We belong to a church which takes a ‘middle way’ with regard to the Saints. While not ignoring them as many Protestant Churches do, we do not give them the central position that they have in the Catholic Church. Many Anglicans would find it against their beliefs to pray to the saints, as we pray to God in Christ Jesus. But if we believe they are in heaven, and we have fellowship with them, we can ask them to pray for us, just as we ask each other.
A belief in communion with all the Saints can stop us from being too parochial, too narrow. The saints are international – from every culture and country upon the earth – Asia and Africa and America; all places have produced holy men and women who have been shining lights either to their own people, or to those of many countries. St. Peter was a first century Jew in Palestine and a fisherman. St. Francis was a rich young Italian living in the 12th and 13th centuries. St. Augustine was a great writer, teacher and bishop from North Africa.

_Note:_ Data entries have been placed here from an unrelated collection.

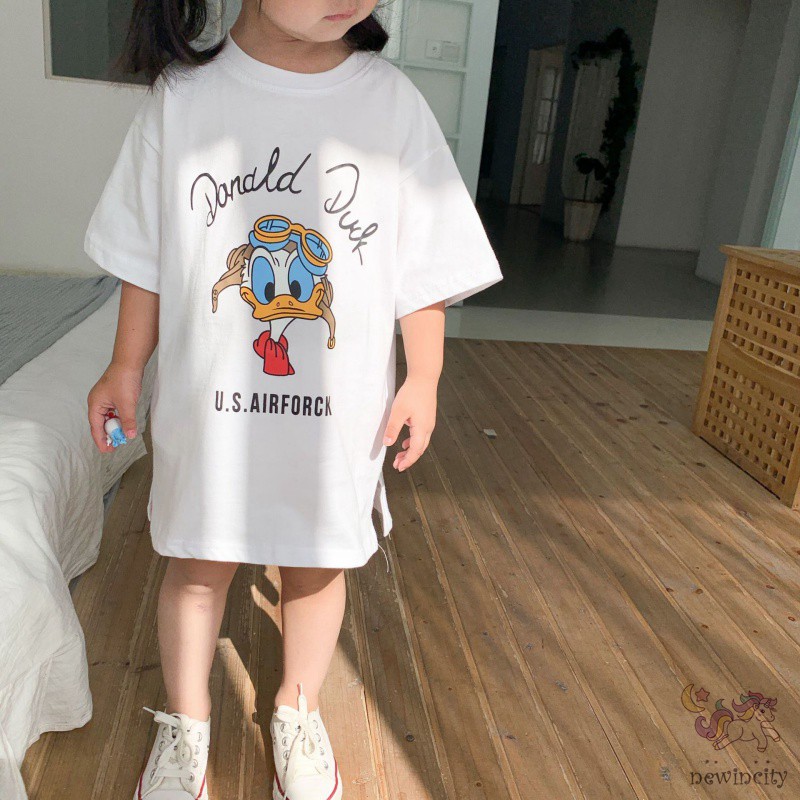 Đầm Thun Dài Tay In Hình Vịt Cho Bé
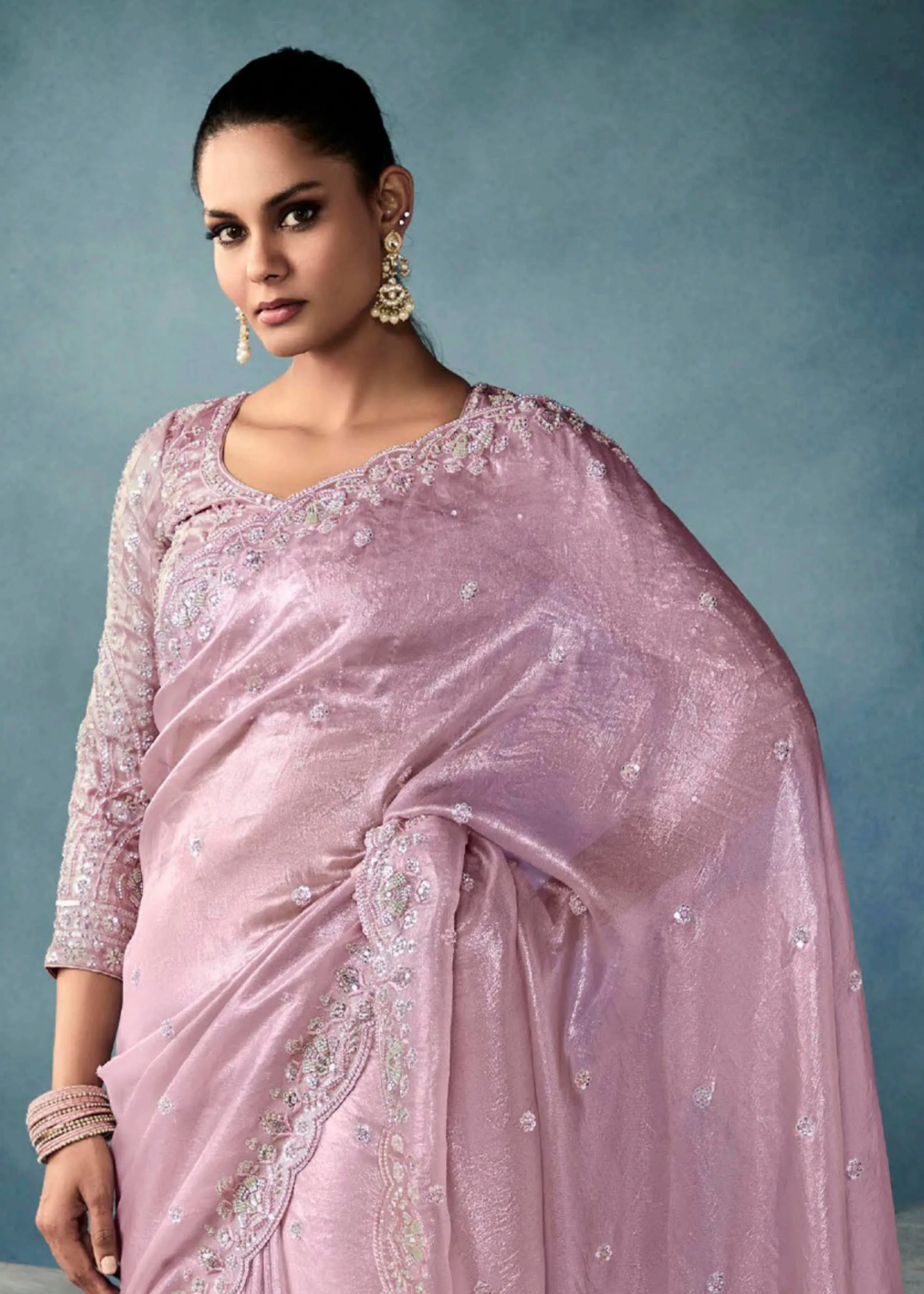 Blush Pink Embroidered Designer Tissue Silk Saree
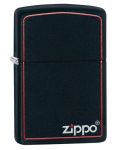 Запалка Zippo Black Matte, черна с червен кант - 1t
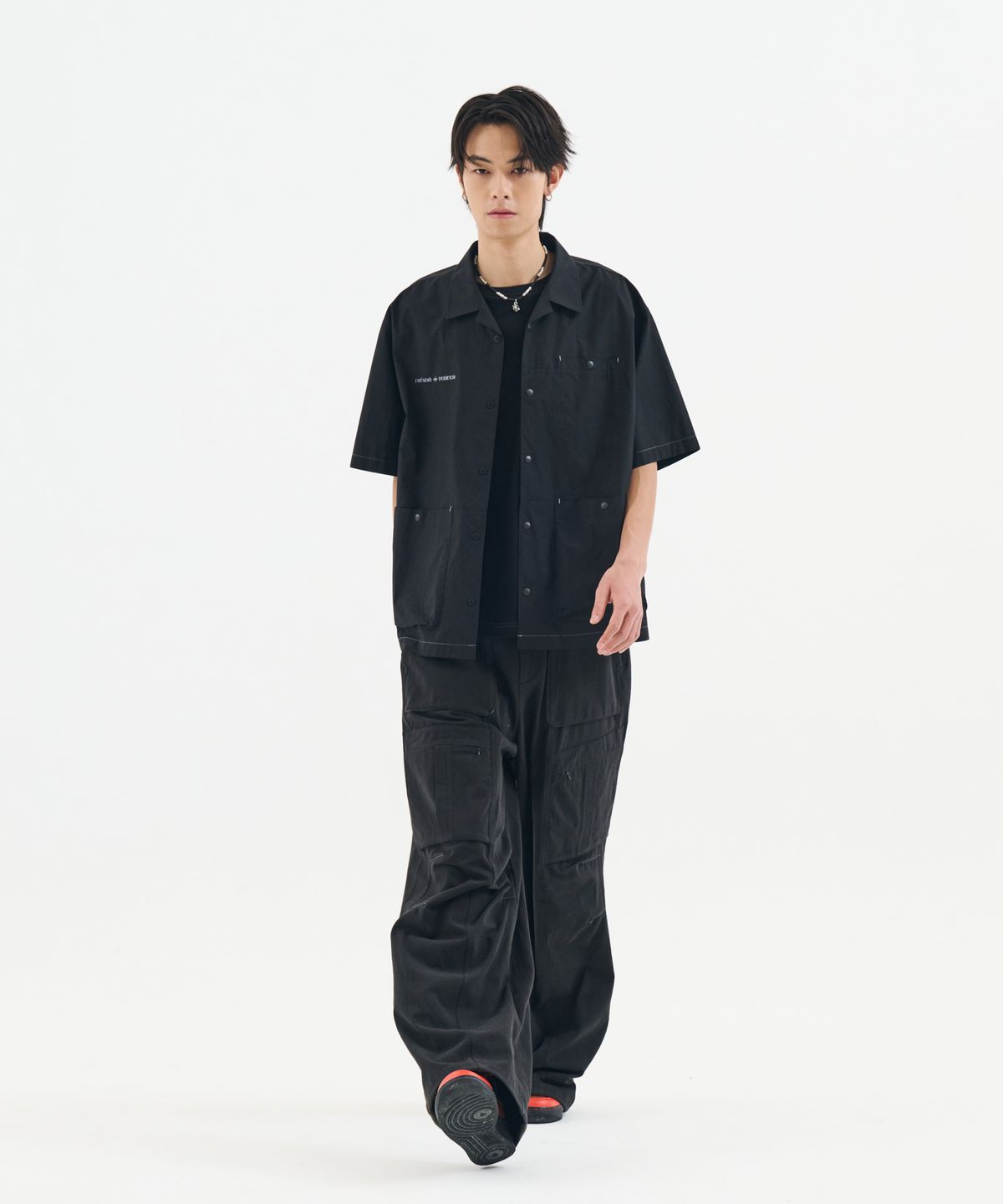 논타입(NONTYPE) CONTRAST STITCH WORK SHIRT (BLACK)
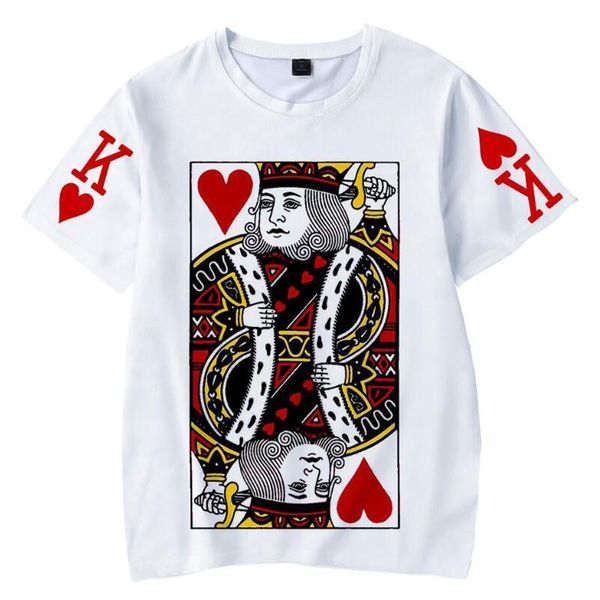 

summer fashion t-shirt short-sleeved streetwear printed poker boy casual t-shirt men and women 3d 2020 brand design 3d tees, White;black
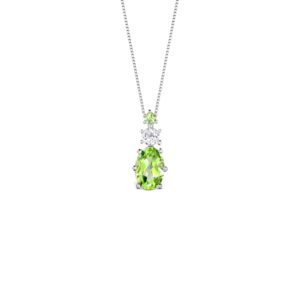Pingente Marine em Prata 925 com Peridotos e Topázio Incolor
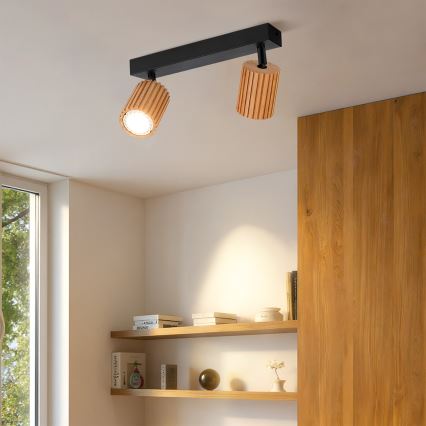 Brilagi - Spotlampa MODERN WOOD 2xGU10/8W/230V trä/svart
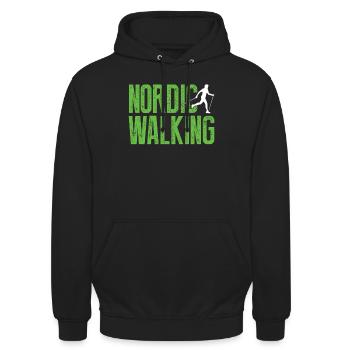 marche nordique - Sweat-shirt à capuche unisexe - noir - Devant - Alina (178cm) & Michal (187cm)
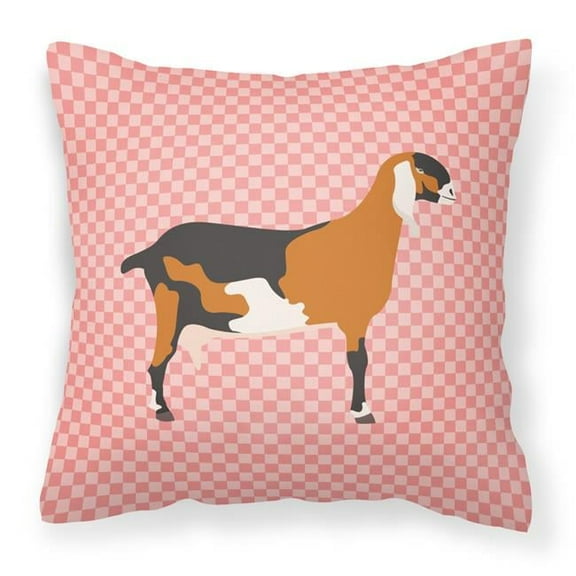 Carolines Treasures BB7883PW1414 Anglo Nubian Goat Pink Check Fabric Decorative Pillow, 14 x 14 in.
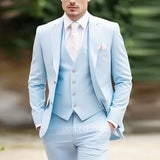 Riolio  3-Piece Men's Classic Suit Peak Lapel Blazer Vest Pant Slim Fit Elegant Matching Men's Formal Wear Ensemble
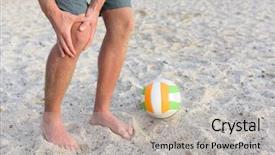  Presentation with volley - Colorful presentation design enhanced with man playing beach volley backdrop and a light gray colored foreground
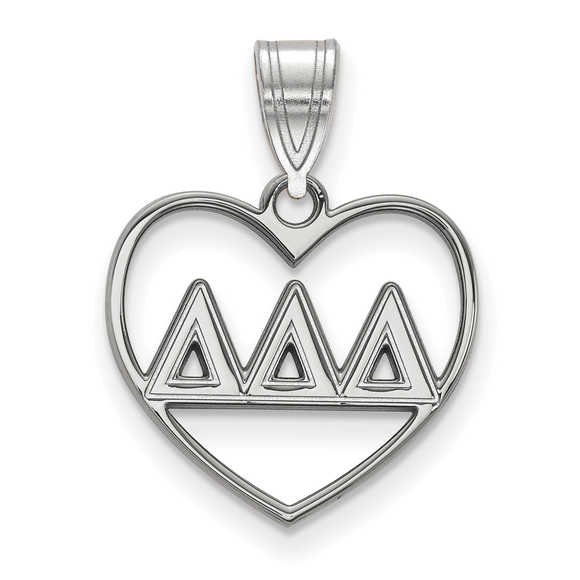 Sterling Rhodium-plated Delta Delta Delta Sorority Greek  Heart Pendant - Picture 1 of 2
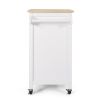 Medway Modern Glass Paneled Kitchen Trolley White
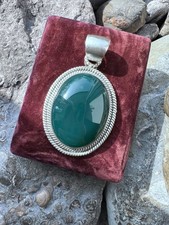 BA Suarti Bali 925  Sterling Silver Green Chalcedony Pendant  large hallmarked 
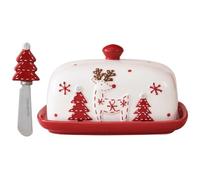 Beurrier en céramique avec couvercle, arbre de noël, renne, mignon plateau à beurre avec couteau en acier inoxydable, anti-poussière, de qualité alimentaire, élégant pour la cuisine la maison.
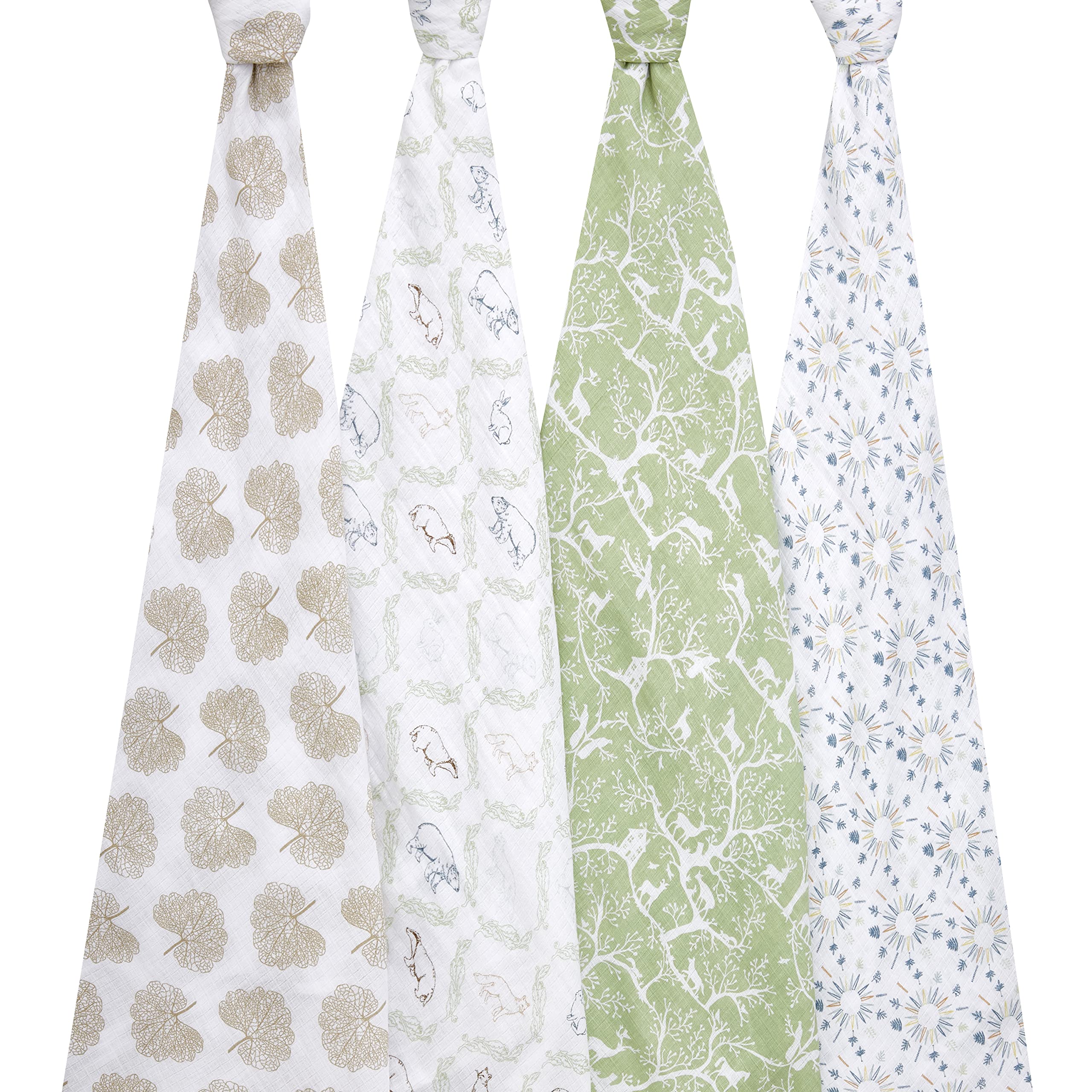 **Aden + Anais 100% Cotton Muslin Swaddle Blankets for Newborns - 4 Pack, Soft Baby Receiving Blankets for Girls & Boys, Breathable Swaddle Wrap for Nursery, Travel & Gifting - Harmony Collection**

The saints are ecumenical –divisions belong to the earthly church, but unity and holiness to heaven. We sing hymns written by Catholics, Methodists, and Presbyterians. We use prayers written by people from different parts of the Church of God: yet because we sing them, we make them Anglican. Saints spring up in all the Churches, and have always done so.
And lastly, the saints are beyond time – or put another way they are for all times. Our earthly lives are short. WE see only a fraction of history – perhaps 70 or 80 years. But we can relate to, and learn from, people who lived centuries ago – through their life stories, their writings, art or music, or through religious orders or works of charity they began. All wisdom does not belong to the 20th/21st centuries. There is a rich treasure house in the past as well as the present.
So think about the great company of saints as your fellow Christians, for that is what they are. Perhaps you could have a word with them sometimes?